Recently I was asked by some acquaintances about the potential security risks of digital signatures. The following is a sketch of what I answered with my very humble knowledge. Hopefully experts in this group would (eventually strongly) correct and augment my argumentation.
A. From the theoretical side (concerning math):
(1) There are assumptions in the underlying mathematical foundations which till the present cannot yet be proved in the absolute exact sense. These are hence liable to turn out to be false at any time in the future.

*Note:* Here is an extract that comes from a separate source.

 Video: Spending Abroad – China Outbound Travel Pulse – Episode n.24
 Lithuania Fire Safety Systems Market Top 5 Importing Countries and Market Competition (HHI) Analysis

Example: Recently Lenstra et al. showed that the method of discrete logarithms can be very much easier attacked than hitherto commonly assumed. (http://actu.epfl.ch/news/epfl-researchers-crack-unassailable-encryption-alg/).
(2) All methods have parameters which should be chosen to lie in certain numerical ranges such that they may properly function as desired. The determination of such ranges is apparently by necessity an issue of more or less arbitrariness, whence the actual security obtained in any given concrete case is not entirely unquestionable.
(3) Owing to the frequently very advanced math involved, high expertise is required to be able to verify the correctness of the details. This entails the risk that under circumstances the number of practically available capable experts is insufficient to guarantee a neutral (the opposite of biased/manipulated) examination and evaluation. Example: The so-called "dual elliptic curve" is reported to contain a backdoor. (http://www.reuters.com/article/2014/03/31/us-usa-security-nsa-rsa-idUSBREA2U0TY20140331)
B. From the practical side (concerning software and CAs):
(1) In case within the entire processing of a digital signature there is one single non-open-source (proprietary, blackbox) software component, the risk of potential manipulations (due to possible disloyality/dissatisfaction of employees of software firms, pressures from authorities, hacking, etc.) is evidently already impossible to be excluded.
(2) Also open-source software can contain grave errors, which due to lack of persons in the public having interest, time and appropriate knowledge to thoroughly examine them could remain undetected for a long time. Example: the Heartbleed Bug of OpenSSL. (https://www.schneier.com/crypto-gram-1404.html).
(3) CAs are organisations of humans and humans could not only commit errors and mistakes but also be subjected to bribery, extortion, ideological and other ways of influences. In any digital signature processing there are in general a number of CAs involved which could be located inland or overseas (thus beyond normal judicial reaches). How well one could trust the results of a cooperation of such a group of organisations (of which one as a rule knows nothing at all) is apparently a large question mark from the very beginning.
M. K. Shen -----------------------------------------------
P.S. It may be valuable in safeguarding one's privacy to constantly keep in mind of the presence of certain quasi-omnipotent secret agencies of the world, as has been convincingly revealed by Edward Snowden (see G. Greenwald. No Place to Hide, New York, 2014).